1983 aviation accident

Aeroflot Flight 601 was a scheduled Soviet domestic passenger flight from Arkhangelsk to Leshukonskoye in the Russian SSR, operated by Aeroflot. The Antonov An-24RV that was involved crashed on 24 December 1983 during approach to Leshukonskoye. Forty-four people were killed; five survived the accident. Pilot error was cited as the cause of the accident.

==Crew==
The aircraft's crew consisted of captain Nikolai Alimov, first officer Alexander Priydak, navigating officer Vladimir Marichev, and flight engineer Fyodor Igumnov plus one flight attendant.

==Crash==
The visibility at Leshukonskoye airport was 5 km, with drizzle, a wind speed of 3 m/s and air temperature 0 C. Sixteen kilometres away from Leshukonskoye airport and at an altitude of 500 m, the crew put the landing gear down and set the flaps at 15 degrees. Then the flaps were set to 38 degrees and the aircraft, piloted by captain, started to descend. The aircraft descended with a significant deviation that reached about 490 m to the left. The captain decided to land instead of making a go-around and banked the aircraft to the right. At an altitude of about 30 m the captain decided to make a go-around. The landing gear was retracted and the aircraft started to climb, but reached critical slip angles which compromised aircraft control. The captain then ordered to set the flaps at 15 degrees, but by then the aircraft had stalled. It then started to descend with an increasing left bank angle. At an altitude of 80 m and with a speed of 86.39 knots (160 kmh) the flaps were set to eight degrees. The left bank angle ultimately reached 90 degrees and the aircraft crashed 110 m to the right of the runway. The aircraft broke apart and partially burned.

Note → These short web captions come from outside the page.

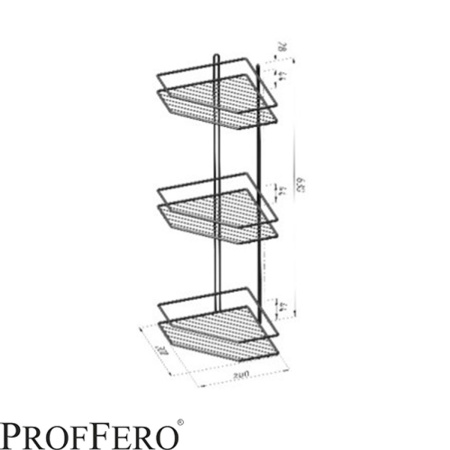 Полка угловая 3  яруса трапеция  Классик Черный 200х200х630 П0001992 (10)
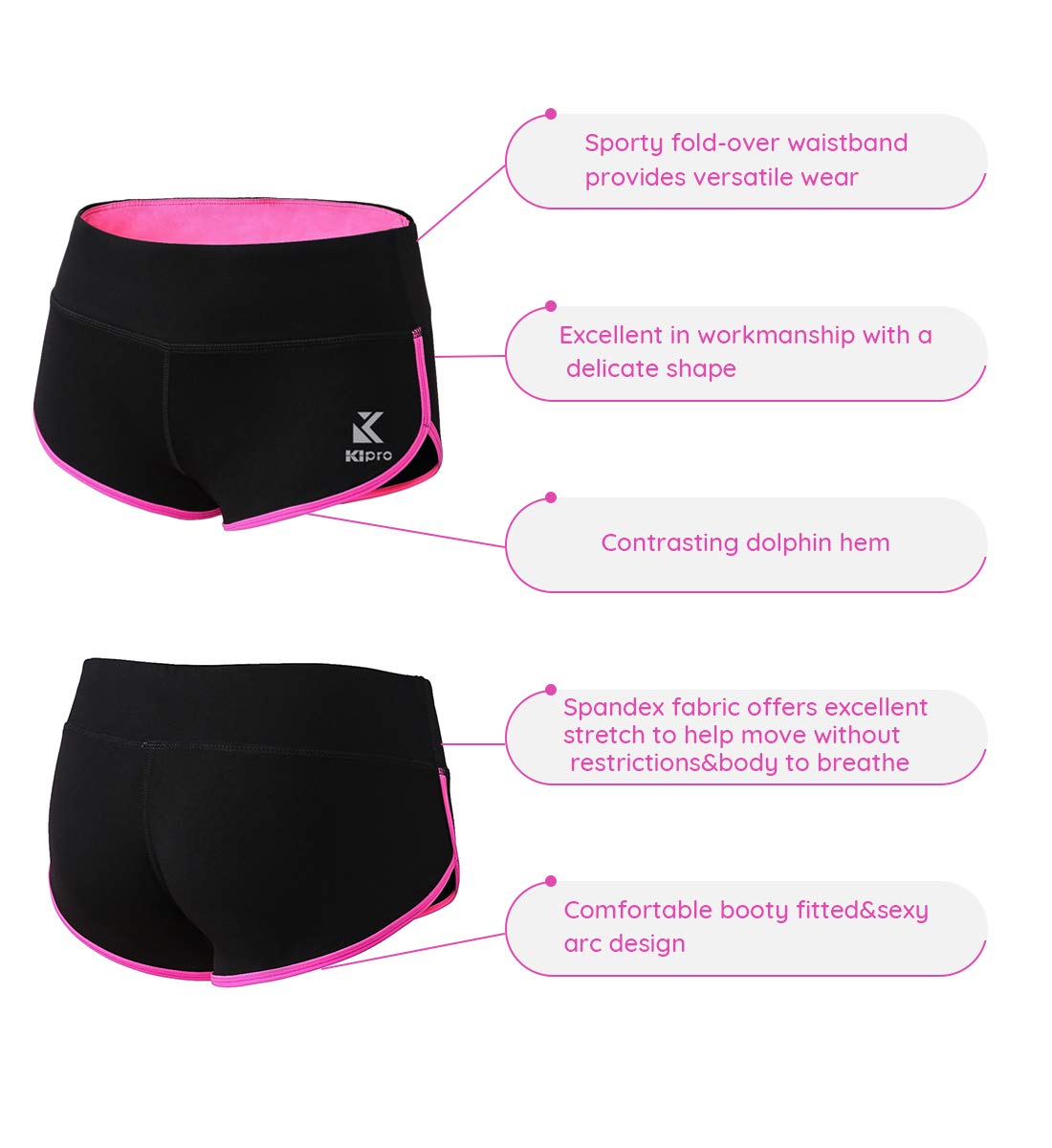 Women's High Waisted Workout Shorts - Yoga Running Gym Fitness Shorts for Women, Breathable & Stretchy Activewear for Training, Exercise & Lounge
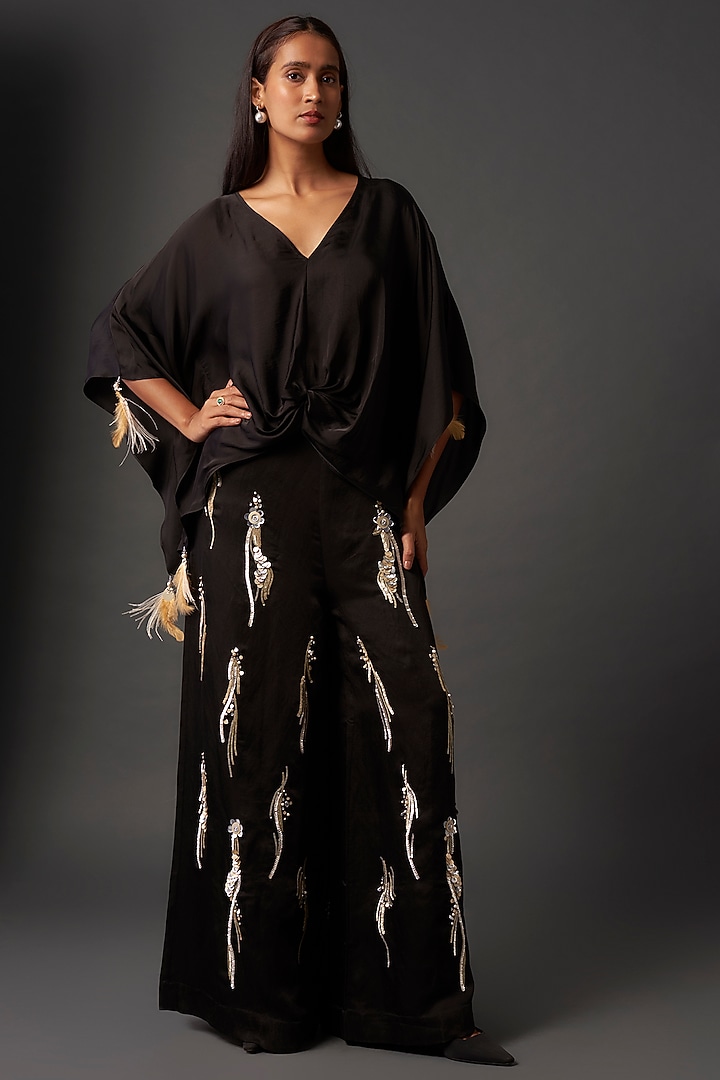 Black Blended Satin Kaftan by Dilnaz Karbhary at Pernia's Pop Up Shop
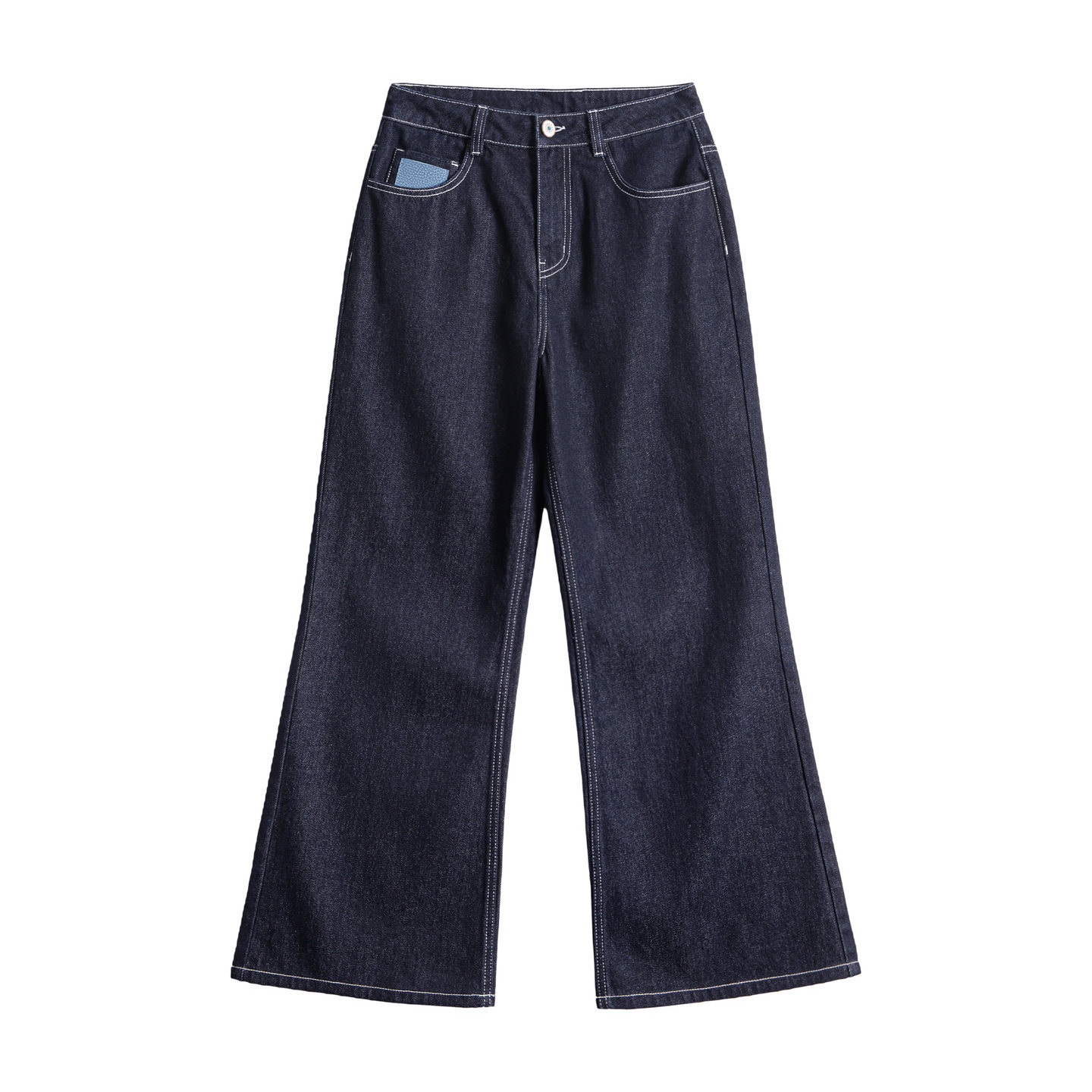 美式復古丹寧藍原色直筒闊腿水洗牛仔褲顯瘦休閒長褲子女士春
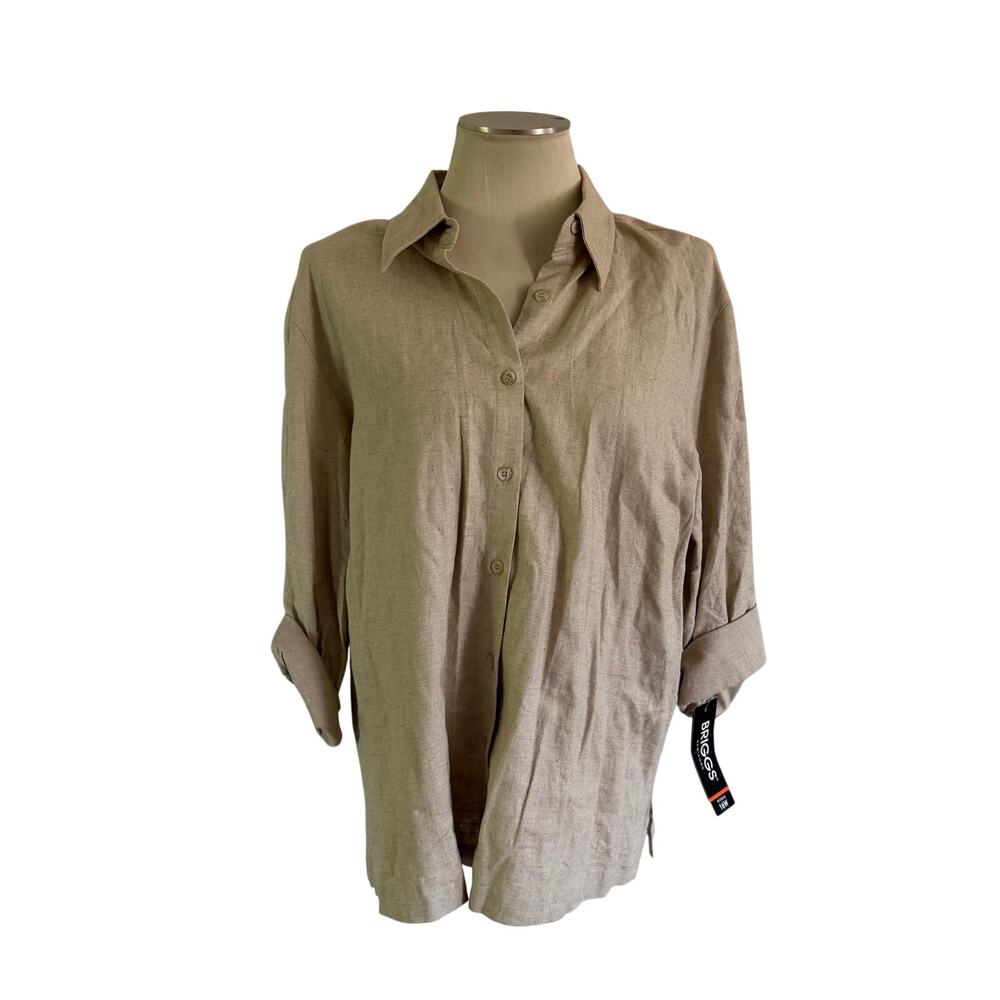 NWT Tan Beige Linen Plus Size Button Shirt 16W Rolled Sleeves Women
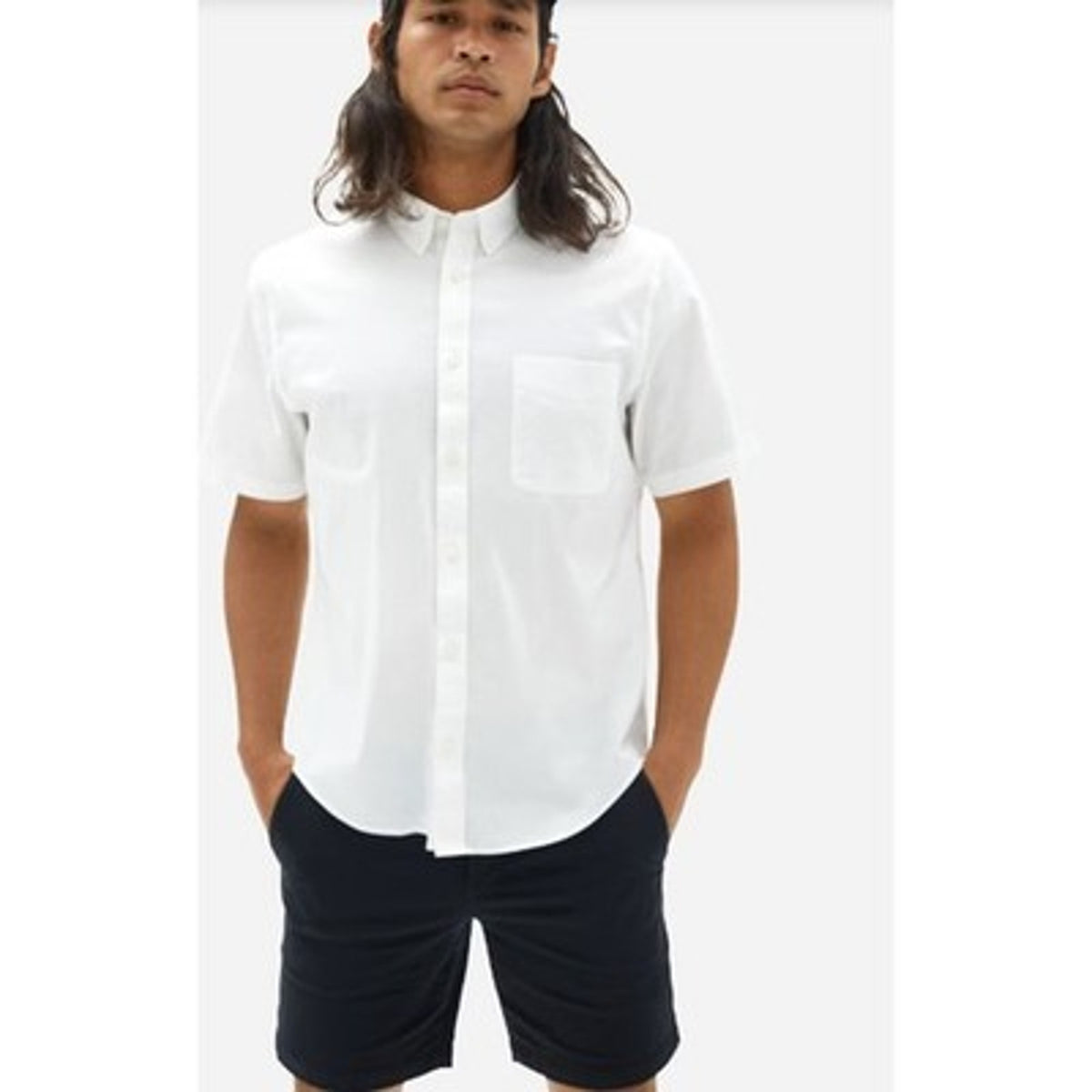 Everlane Mens Performance Air Oxford Shirt XS White Short-Sleeve Slim Fit NWT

Four passengers and the flight attendant survived the accident.

==Investigation==
The investigation placed the responsibility for the accident on the captain Alimov, who was found to have a risky style of piloting, which violated the flight instructions. It was also found that the crew should have initiated a go-around instead of attempting to land first. No fault with air traffic control was found.